The term “country,” as used in this paper, does not in all cases refer to a territorial entity that is a state as understood by international law and practice; the term also covers some territorial entities that are not states, but for which statistical data are maintained and provided internationally on a separate and independent basis.
Preface
During 1991–94, the Colombian authorities requested the Fund’s Fiscal Affairs Department (FAD) for technical assistance in their ongoing tax reform. In support of their effort, four studies were undertaken in selected areas of tax policy and administration. These efforts were headed by the editor, who is Chief of the Tax Policy Division of FAD. Other participants in the tax policy area included David Dunn, Economist, FAD, as well as members of the FAD panel of fiscal experts: Erik Haindl, Professor, University of Gabriela Mistral, Santiago de Chile; Arnold C. Harberger, Professor, University of California at Los Angeles; and Osvaldo Schenone, Professor, University of San Andres, Buenos Aires.
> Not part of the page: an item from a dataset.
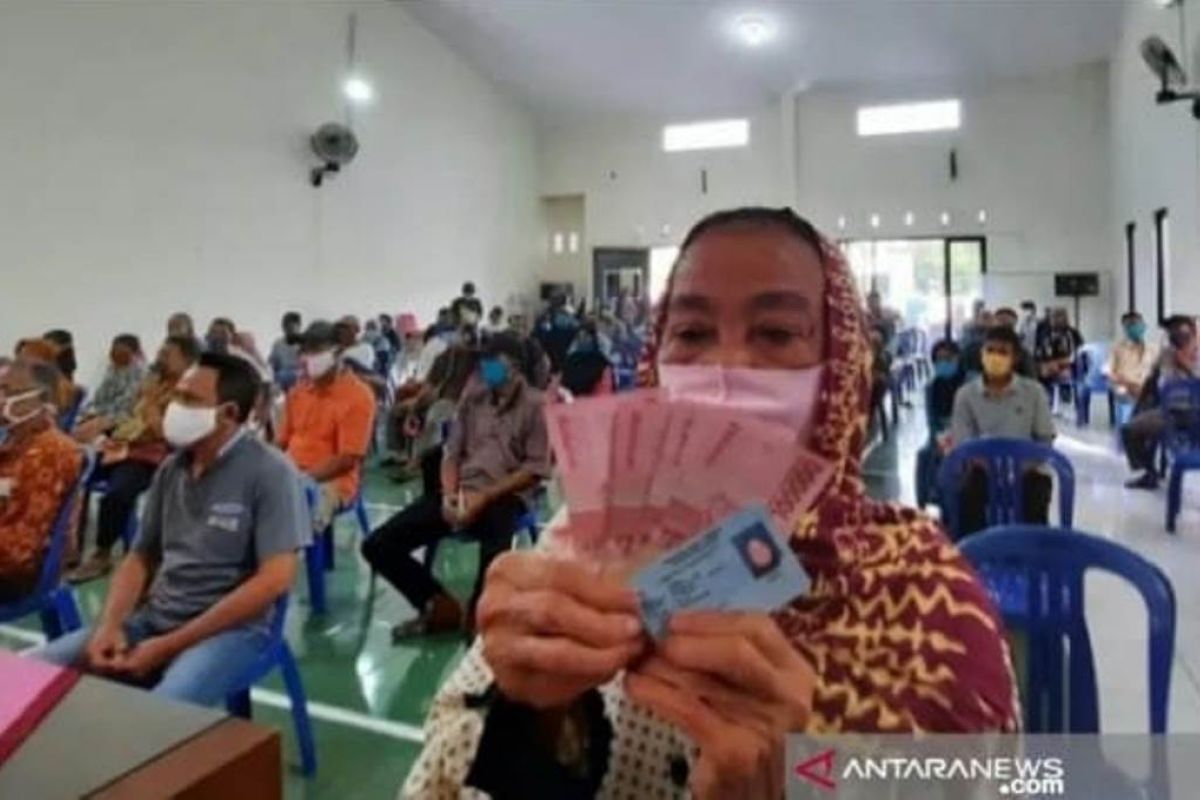 Realisasi penyaluran dana Desa di NTT mencapai 52 persen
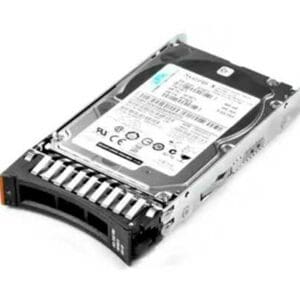 IBM 49Y6134 400-GB 6G 2.5 MLC Ent SAS SSD Disk – Warranty and 10 days for delivery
The investigations in the above-mentioned tax policy area, conducted in cooperation with the staff of the National Directorate of Taxes and Customs (DIAN), focused on particular areas that the authorities felt needed technical examination and recommendations. The investigations of issues under the value-added tax, income taxes, and customs tariffs thus constituted an examination of the major sources of tax revenue. Given the predominantly technical nature of the analyses and the broad scope of the studies, which touched upon comprehensive tax reform aspects, the authorities encouraged their publication for a wider readership.
This Fund Occasional Paper should therefore serve the dual purpose of elaborating on the technical intricacies behind the undertaking of tax structure reform and providing a representative example of the variety of studies undertaken by FAD in the provision of technical advice to member countries.
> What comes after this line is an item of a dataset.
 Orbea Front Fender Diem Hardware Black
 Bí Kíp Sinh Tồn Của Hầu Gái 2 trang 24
A number of background points should be underlined in connection with this study. First, in many ways, the various authors made important contributions to all the topics covered. Therefore, the assignment of particular authors to different sections (as noted at the beginning of each section) reflects the principal author who was clearly distinguishable. David Dunn was responsible for the analysis of potential income tax revenue in the section on income tax issues; Erik Haindl for the study in the same section of the impact of the income tax on investment; Arnold C. Harberger for the section on conclusions and future directions for tax reform (while also collaborating on selected aspects of the section on the value-added tax); and Osvaldo Schenone for the section on the customs tariff reform and the analysis of inflation adjustment in the income tax issues section. The editor was responsible for the introduction, as well as the section on value-added tax issues, while holding overall responsibility as team leader.
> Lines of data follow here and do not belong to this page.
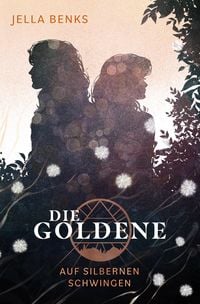 Produktbild: Die Goldene - Auf silbernen Schwingen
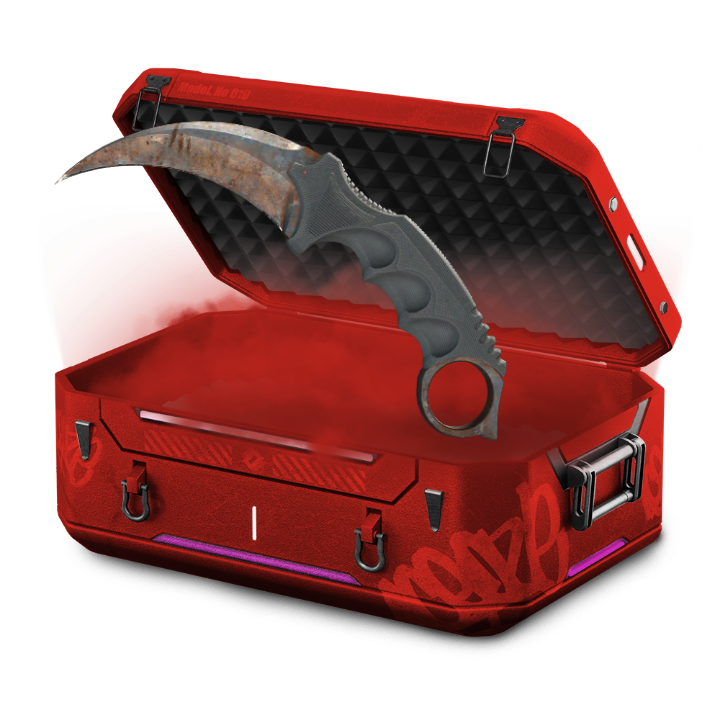Free Karambit
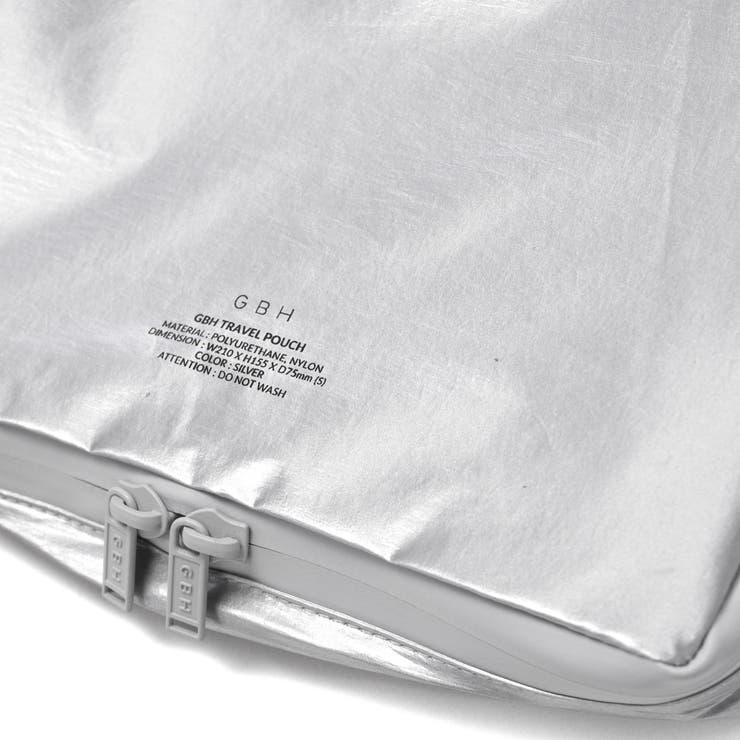 ジービーエイチ ポーチ GBH | ギャレリア Bag＆Luggage | 詳細画像17 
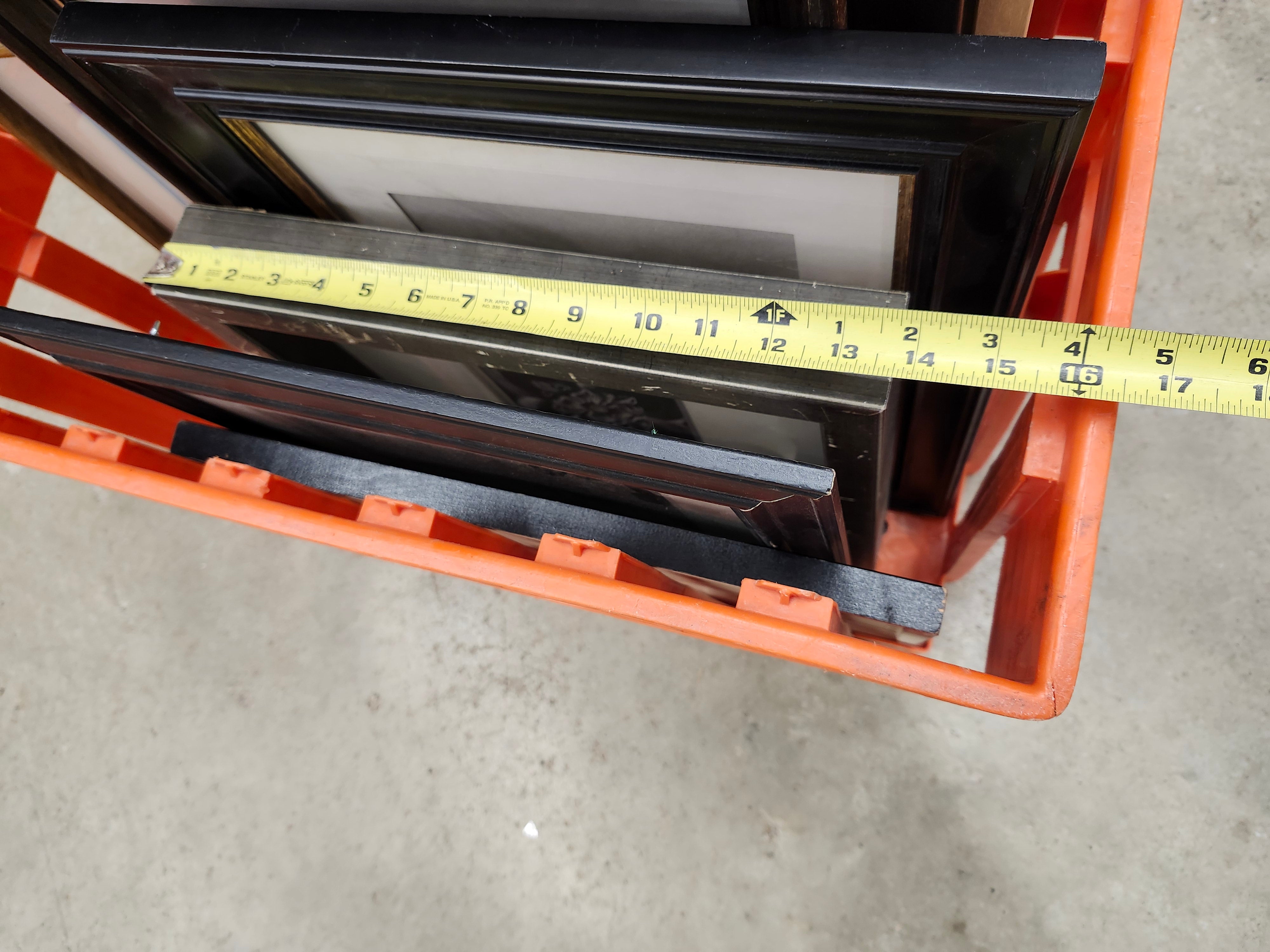 X13 Wall art  / picture frames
Second, the two driving forces behind the endeavor were Mr. Rudolf Hommes, Minister of Finance and Public Credit, who initiated the requests and during whose tenure the visits covering the various topics took place, and Mr. Vito Tanzi, Director, Fiscal Affairs Department, who encouraged and approved their undertaking. Third, the study could not have been completed successfully in the absence of open discussions and full cooperation (including the provision of data) by the staff of the DIAN, in particular, the staff of the Center for Fiscal Studies of the DIAN. Fourth, detailed comments received from the many colleagues who advised the authors on earlier drafts were important in formulating the final version. They include Milka Casanegra-Jantscher, Isaias Coelho, Julio Escolano, Mario Garza, José Gil-Diaz, Jonathan Levin, Claire Liuksila, George Mackenzie, Paulo Neuhaus, Lorenzo Perez, Fred Ribe, and Vito Tanzi. The assistance of Asegedech Woldemariam and Emmanuel Hife in producing Tables 1 and 37–38, respectively, is gratefully acknowledged. The editorial assistance of Tom Walter of the External Relations Department was extremely helpful. Of course, the responsibility of remaining errors remains with the various authors.